ÉPOCA – O que fazer com o comportamento homossexual?
Malafaia – 
O comportamento homossexual é um direito que a pessoa tem. O direito de ser é guardado pela Constituição, pelo livre-arbítrio. Não quero que ninguém seja eliminado. Critica-se presidente da República, critica-se pastor, padre, deputado, mas não pode criticar uma prática? Em hipótese alguma. Querer eliminar homossexual é homofobia. Não quero isso. Quero discutir com um homossexual e poder dizer que sou contra a prática dele, assim como os gays podem me dizer que são contra a prática dos evangélicos. Isso é democracia.
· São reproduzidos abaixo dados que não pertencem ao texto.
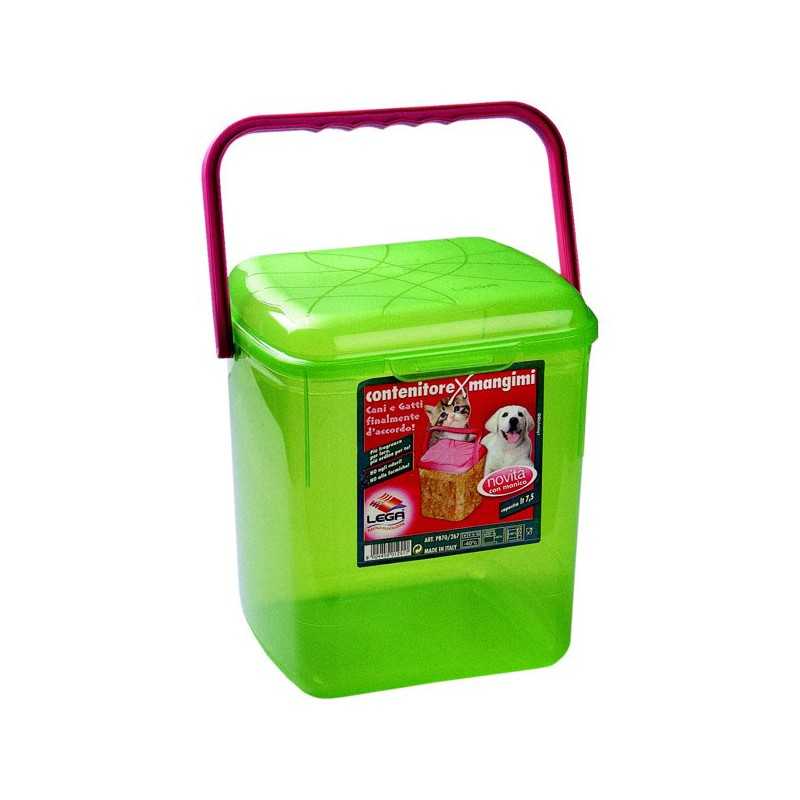 Contenitore Mangimi L 7,5 cm 25X23 Lega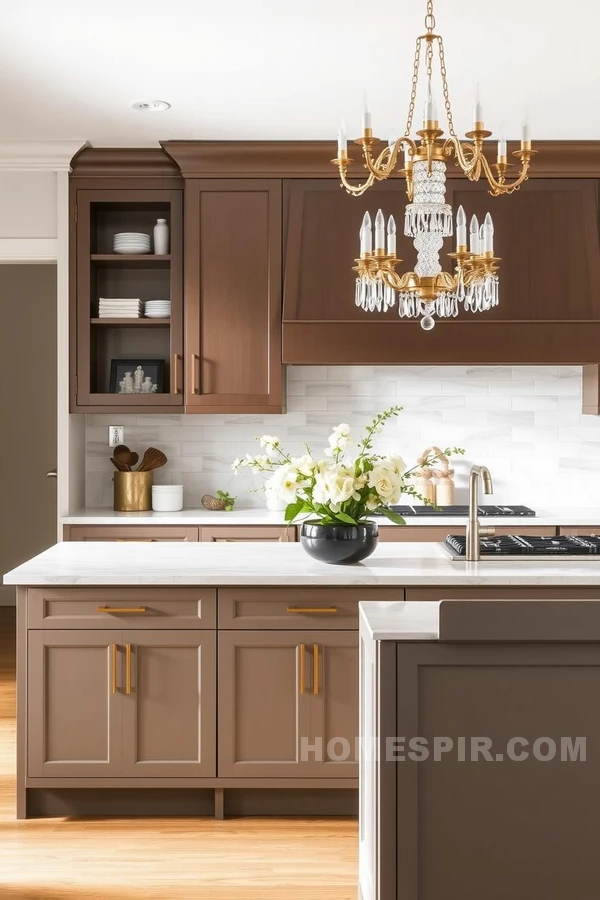 Marble Countertops and Silverware Elegance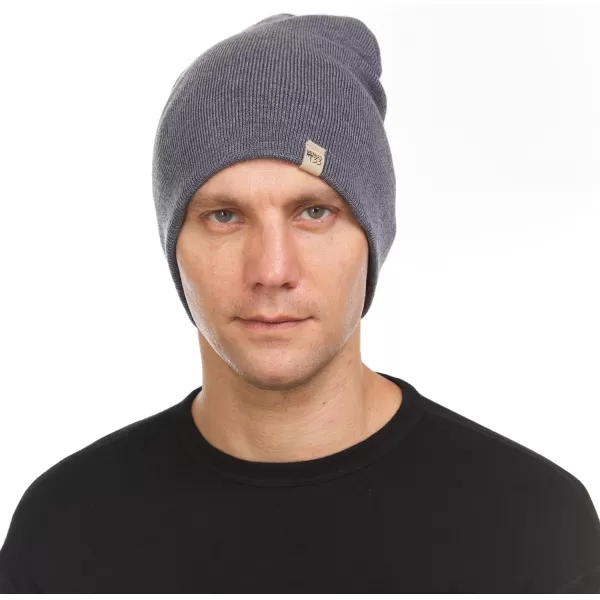 Minus33 Expedition Knit Beanie  100 Merino Wool  Heavyweight Winter HatCharcoal Gray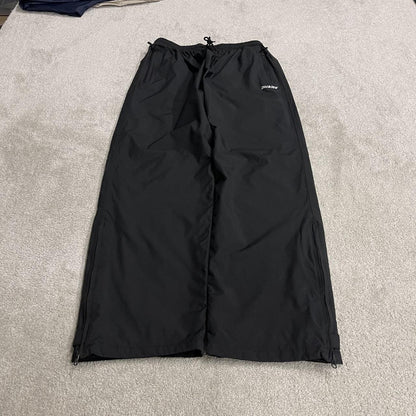 Dickies baggy waterproof tracksuit bottoms black Wide leg lined waterproof technical trousers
ÉPOCA – O que o senhor acha das críticas feitas ao deputado Jair Bolsonaro (PP-RJ) (político contrário às leis que criminalizam a homofobia)?
Malafaia – 
Você vai ver o Jair Bolsonaro nas póximas eleições. Ele vai ter três ou quatro vezes mais votos que recebeu na eleição passada. A sociedade brasileira é conservadora, 90% da população é cristã. Desses 90%, os evangélicos e católicos praticantes são 70%. Nós somos maioria absoluta neste país, amigo. Pergunto: qual é o deputado gay que teve uma votação expressiva? Esse Jean Wyllys (deputado federal do PSOL-RJ) entrou na sobra de legenda, com 13 mil votos, pendurado num cara (o deputado Chico Alencar, do PSOL, segundo mais votado do Estado). É o mais famoso dos gays e não tem voto, não tem porcaria nenhuma.
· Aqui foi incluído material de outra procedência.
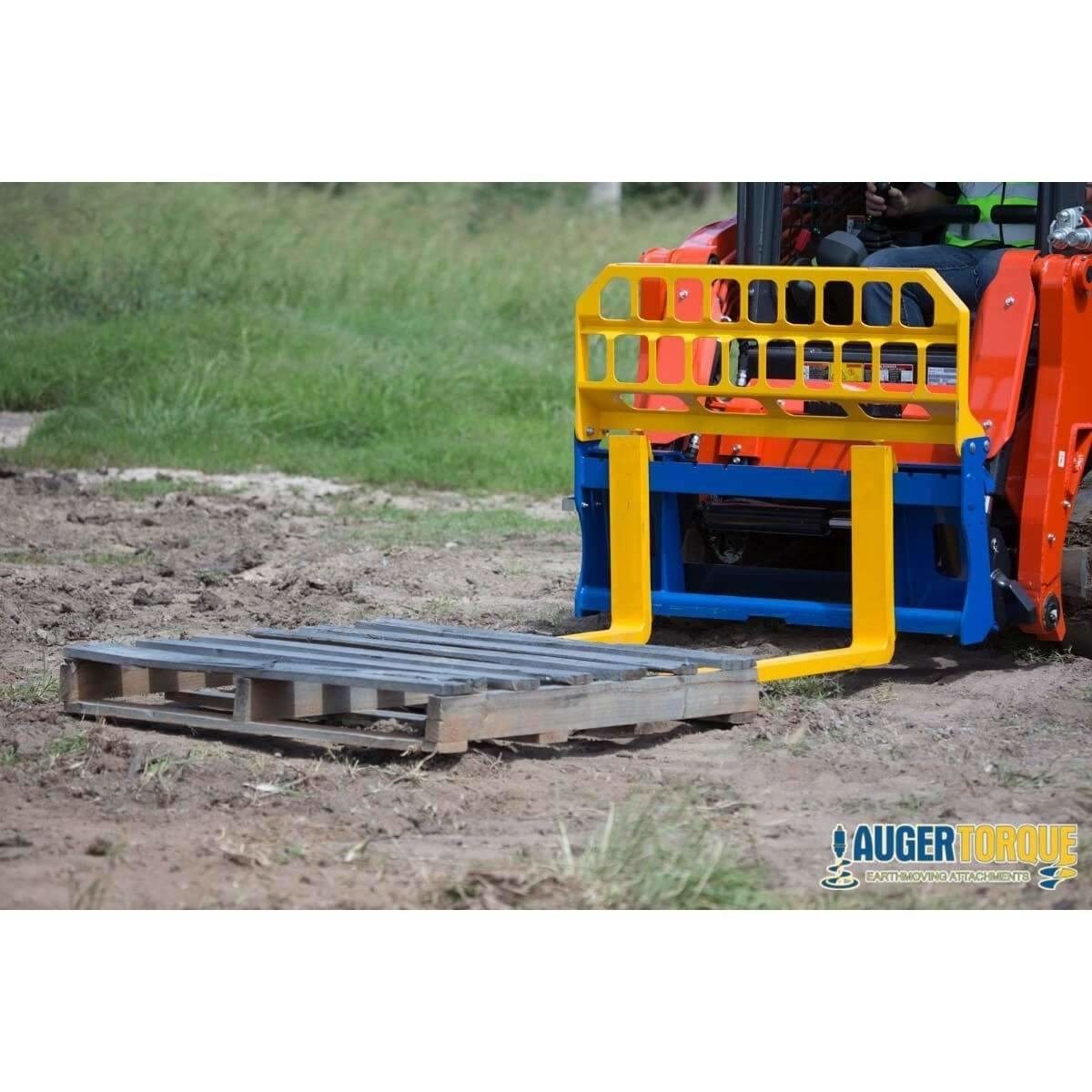 Auger Torque Pallet Forks - 1800kg (1220mm Tines) - Attachment Warehouse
ÉPOCA – Como o senhor reagiria se um de seus filhos ou netos dissesse que é gay?
Malafaia – 
Vou melhorar tua pergunta, aprofundá-la. Se algum filho meu fosse assassino, se algum neto meu fosse traficante, se algum filho meu fosse um serial killer e tivesse esquartejado 50, continuaria o amando da mesma forma, mas reprovando sua conduta. Meu amor por uma pessoa não significa que apoio o que ela faz. Daria o Evangelho para ele, diria que Jesus transforma, que ele não nasceu assim, que é uma opção dele.